2013年10月14日月曜日

祖母ちゃんの玩具

  大阪の「まっちゃまち」は今でも一部の店では「小売りはしません。」と貼り紙のあるような、玩具と人形の問屋街である。そこで電子オルガン?を買ってきた。
 行く前には「おもちゃのシロホンでもないかな」と思って行ったのだが、こちらの方が安かった。
 単純な構造=木の台に鉄板を打ち付けてあるような玩具の鉄琴よりもこの電子機器の方が安いのだが、それが頭で理解できても心で理解できないのは何故だろう。

 さて、2歳の孫はもちろんドレミも判らない。
 しかし、このごろはこの種の玩具が多いせいか、教えもしないのに一瞬のうちにスイッチの入れ方、各種ボタンの意味するところ(音色だとかリズム)を習得し、ボタンを押してドラムを遊んだり、リズムを自動演奏させて自由にダンスをしている。
 そういう現代っ子ぶりに爺バカは感心して目を細めている。
 これまでも書いたことだが孫はスマホで撮影するぐらいは朝飯前である。

 玩具が増えて部屋が狭くなるので、これは孫が来た時に遊べるようにと我が家に置いておくことになった。
 その結果、孫が帰ってからは妻(祖母ちゃん)がその後は遊んでいる。
 昔はエレクトーンや電子ピアノがあったが、モノにならずに棄て去った身には丁度ぴったりの玩具かも知れない。
 そして鍵盤を弾きながら「なんで楽譜の頭の♯やとか♭があるんやろう。」と忌ま忌ましそうに私に聞いたが、私も世間一般の答以上の回答しかできず、「そのうちに演奏前のボタン一つでイロハ・・が変えられるようになるんと違うか。」というようなことしか言えなかった。
 結局、ハ長調の歌だけを探し出してきて遊んでいる。
 孫に追い抜かされるのは時間の問題だろう。
 私といえば右手の人差指一本で「ちょうちょ ちょうちょ」としか弾けない。
 このブログも、右手一本で打っている。
 『もしもピアノが弾けたなら』ではないけれど、楽器のできる人々が羨ましい。

2 件のコメント:

  1.  長谷やんの爺馬鹿が納得で来る可愛らしいお孫さんですね。二十年後お嫁さんに行ったら一番泣くのは多分長谷やんだと思います。それまで、それ以後も頑張って長生きの新記録を作ってください。
     家にも嫁さんが持ってきた彫り物入りのオルガンがあります。家の二階の一等地に新築以来35年ぐらいそのまま動くことなくあります。

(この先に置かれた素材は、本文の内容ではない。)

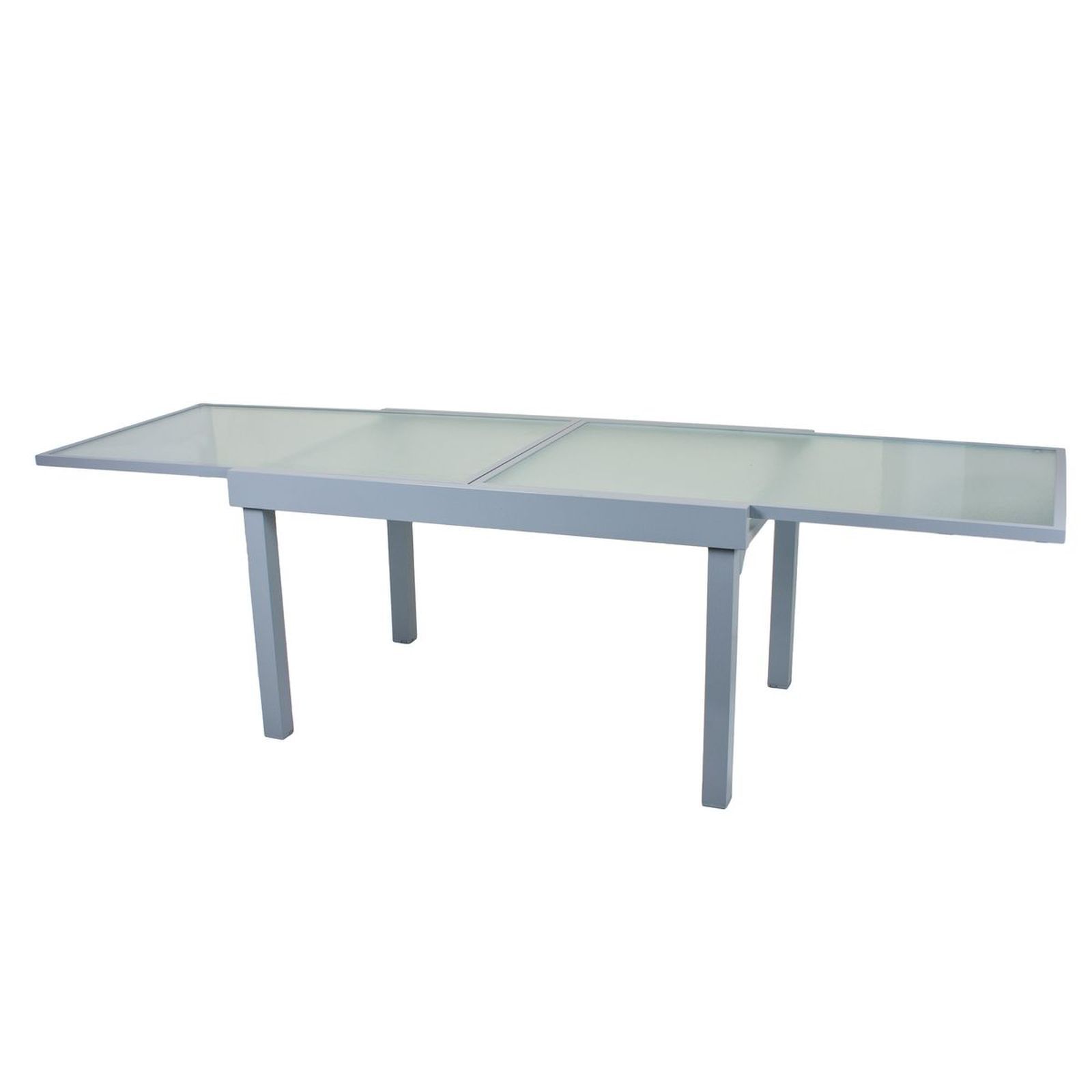 Gartentisch LOLA - grau - Glas - ausziehbar bis 270 cm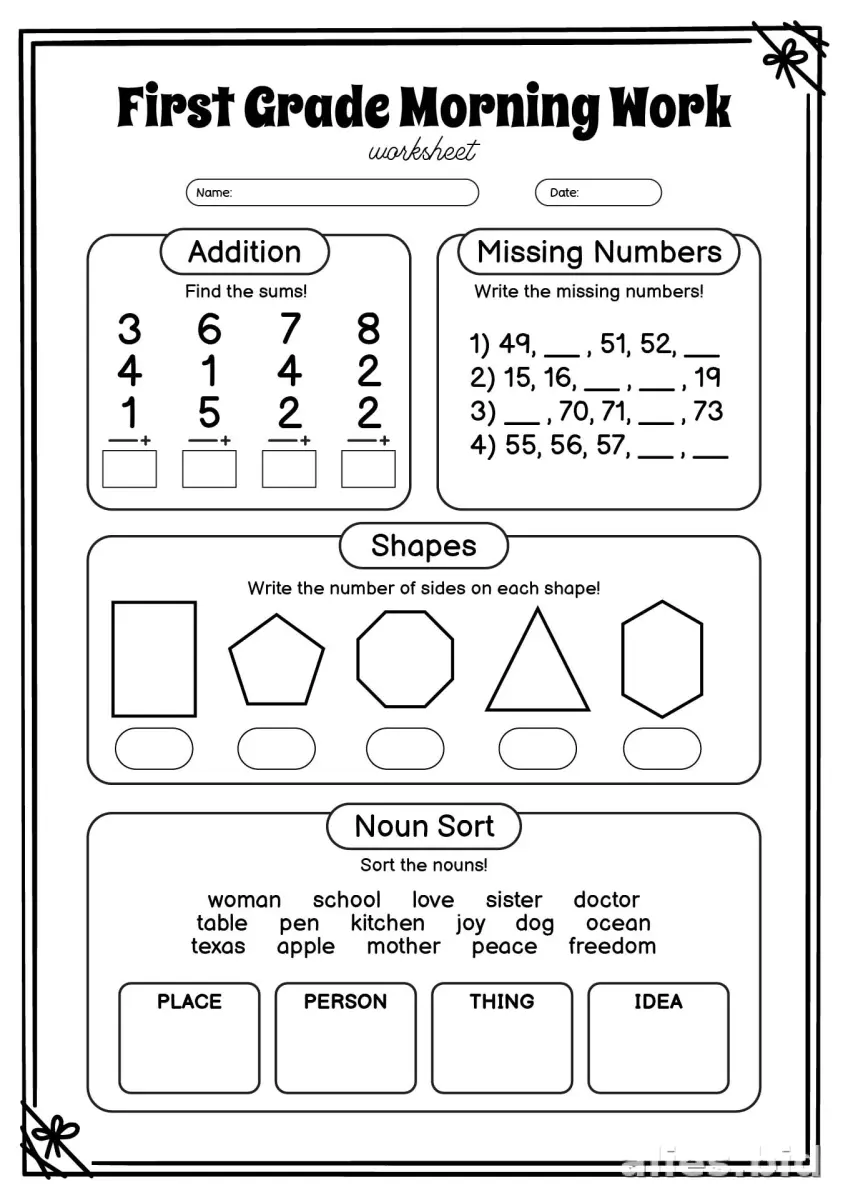 Free Printable 1st Grade Worksheet Free Print #5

35年前は嫁さんが何か弾いていましたが、今はオルガンの上は洗濯物の置き場になっています。一杯飲んでこんなことを想うと音楽にうとい私でも、少し感傷的になります。

    返信削除
  2.  バラやん、一杯飲みながらのコメントありがとう。
     孫の夏ちゃんに「写真を撮ろう」と言うと、直ぐに、こんなように「弾いてるようなカッコウ」を見事に演じます。その知恵の成長ぶりを見ると、何かあれば集まって酒を飲んで同じようなことしか語らない私たちの「停滞」が嫌になります。